PROVIDED DATA:
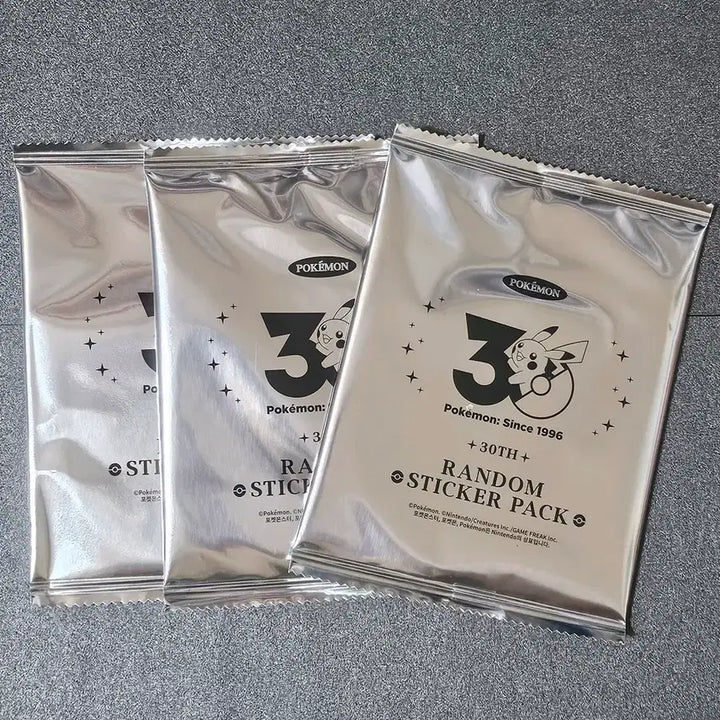[BUNJANG] Pokemon 30th Anniversary Logo Sticker Pack / 20개 ) 포켓몬 30주년 로고 스티커 부산 팝업 성수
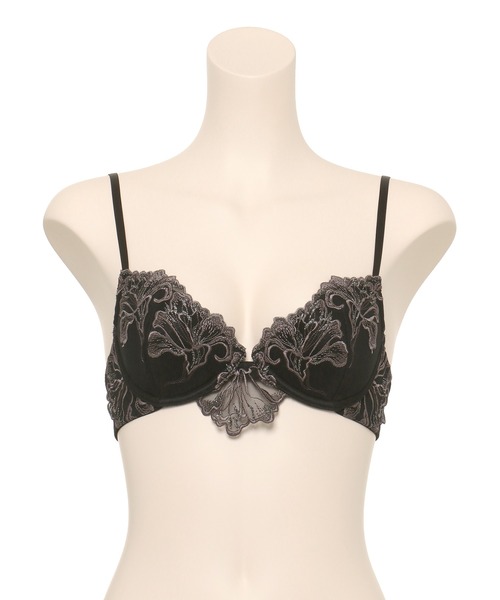 Ravijour（ラヴィジュール）の「ウィングリリー ビューティー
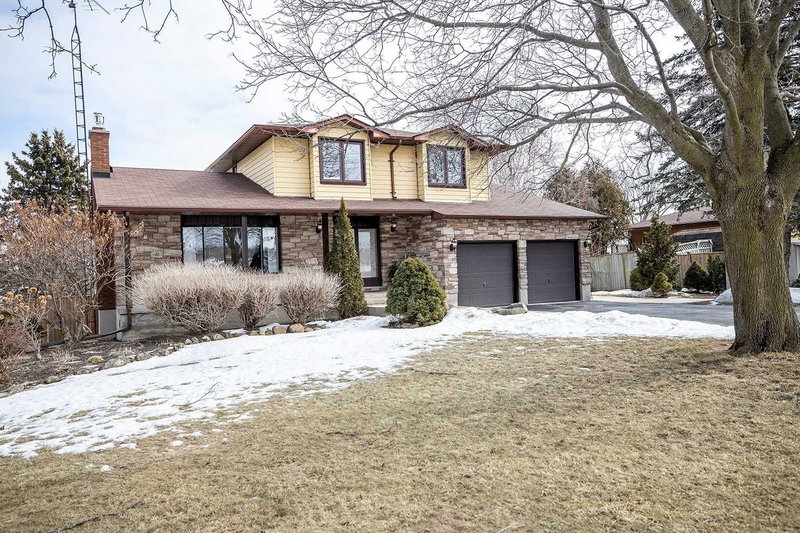 2853 Bellwood Dr, Clarington, L1B 0L5 | Image 2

YOUR GOAL: From the line with "Ravijour（ラヴィジュール）の「ウィングリリー ビューティー" to the last line of the material, both inclusive, set down every line exactly and nothing else; omit pictures.

TASK RESULT:
 Ravijour（ラヴィジュール）の「ウィングリリー ビューティー
 2853 Bellwood Dr, Clarington, L1B 0L5 | Image 2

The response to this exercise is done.